New ways to finance mining

“As mining companies try to limit risk, novel financing and production models will become more common. After demand from China triggered a commodity boom in the first decade of the 21st century, prices collapsed and mining companies were forced to focus on reducing debt ratios and improving their balance sheets. Alternative financing solutions were developed such as royalty and metal stream agreements that reduce the burden on mining companies’ balance sheets,” Maennling and Toledano said.

“To spread the risk of new capital-intensive projects, these financing solutions are likely to continue to grow. Companies may also seek to develop joint ventures similar to those observed in the oil and gas sector in order to reduce their exposure to a particular project or jurisdiction and may also consider service agreements.”

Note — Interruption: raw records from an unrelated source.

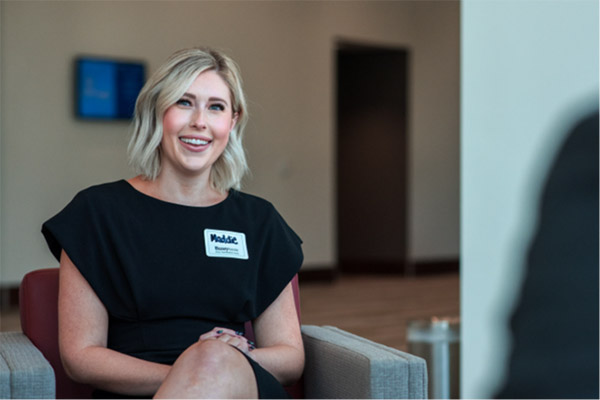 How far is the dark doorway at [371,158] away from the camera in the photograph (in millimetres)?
9438

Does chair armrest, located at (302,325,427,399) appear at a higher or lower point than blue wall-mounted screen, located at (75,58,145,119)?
lower

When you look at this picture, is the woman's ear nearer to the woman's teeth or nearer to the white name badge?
the woman's teeth

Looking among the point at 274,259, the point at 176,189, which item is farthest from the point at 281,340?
the point at 176,189

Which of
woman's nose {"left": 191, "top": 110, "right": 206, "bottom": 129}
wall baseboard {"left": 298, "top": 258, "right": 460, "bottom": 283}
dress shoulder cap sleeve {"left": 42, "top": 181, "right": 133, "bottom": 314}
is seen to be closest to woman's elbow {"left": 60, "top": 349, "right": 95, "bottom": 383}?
dress shoulder cap sleeve {"left": 42, "top": 181, "right": 133, "bottom": 314}

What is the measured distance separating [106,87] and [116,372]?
5516 mm

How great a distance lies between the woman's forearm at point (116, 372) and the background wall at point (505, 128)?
4.67 feet

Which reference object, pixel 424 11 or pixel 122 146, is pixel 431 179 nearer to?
pixel 424 11

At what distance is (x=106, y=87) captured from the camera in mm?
6820

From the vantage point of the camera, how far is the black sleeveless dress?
1.77m

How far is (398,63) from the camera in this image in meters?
9.30

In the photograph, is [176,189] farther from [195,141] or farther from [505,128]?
[505,128]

A social contract for mining

“Creating real benefits for communities near mine sites will be key for successful new projects. Obtaining the ‘license to operate’ from local communities has been a challenge for the mining industry in recent years. Many proposed projects have been rejected, and operations have been disrupted by protests,” they said.

“With a record number of mines nearing the end of their life and insufficient money being set aside for remediation; with new mining projects increasing the sector’s footprint without necessarily providing additional employment opportunities at the local level due to automation; and with increased water stress and extreme weather events due to global warming: local opposition to mining is likely to increase if no new business models are developed that benefit the affected communities.”

Big data and mining

“Data transparency to aid the mining industry’s relations with stakeholders. Collecting and processing massive amounts of data will be essential for mining companies as they digitalise and automate their operations. What data should be shared and made transparent will continue to be a major area of debate,” they said.

“Governments will seek to further push for disclosure of subsidiary structures to address tax base erosion; consumers will seek to increase value chain transparency; investors will use the proliferation of non-financial data to better assess the risks of their mining portfolios; civil society will continue to push for companies to go beyond the mandatory EITI Standard; and impacted communities are particularly interested in accessing data that capture the externalities that affect them.

“It will be key for companies to work together with other stakeholders in order to understand the types of data that should be made available and the appropriate format that data disclosure should take, in order to ensure standardization, usefulness and impact.”

The geopolitics of mining

Maennling and Toledano said: “Mining companies must navigate rising geopolitical risk and economic protectionism. A growing popular resistance to globalisation and free trade is altering politics, and directly affecting the mining and metals sector. Policymakers in mining jurisdictions are increasingly trying to enact local content laws and regulations which require minerals to be processed before they are exported.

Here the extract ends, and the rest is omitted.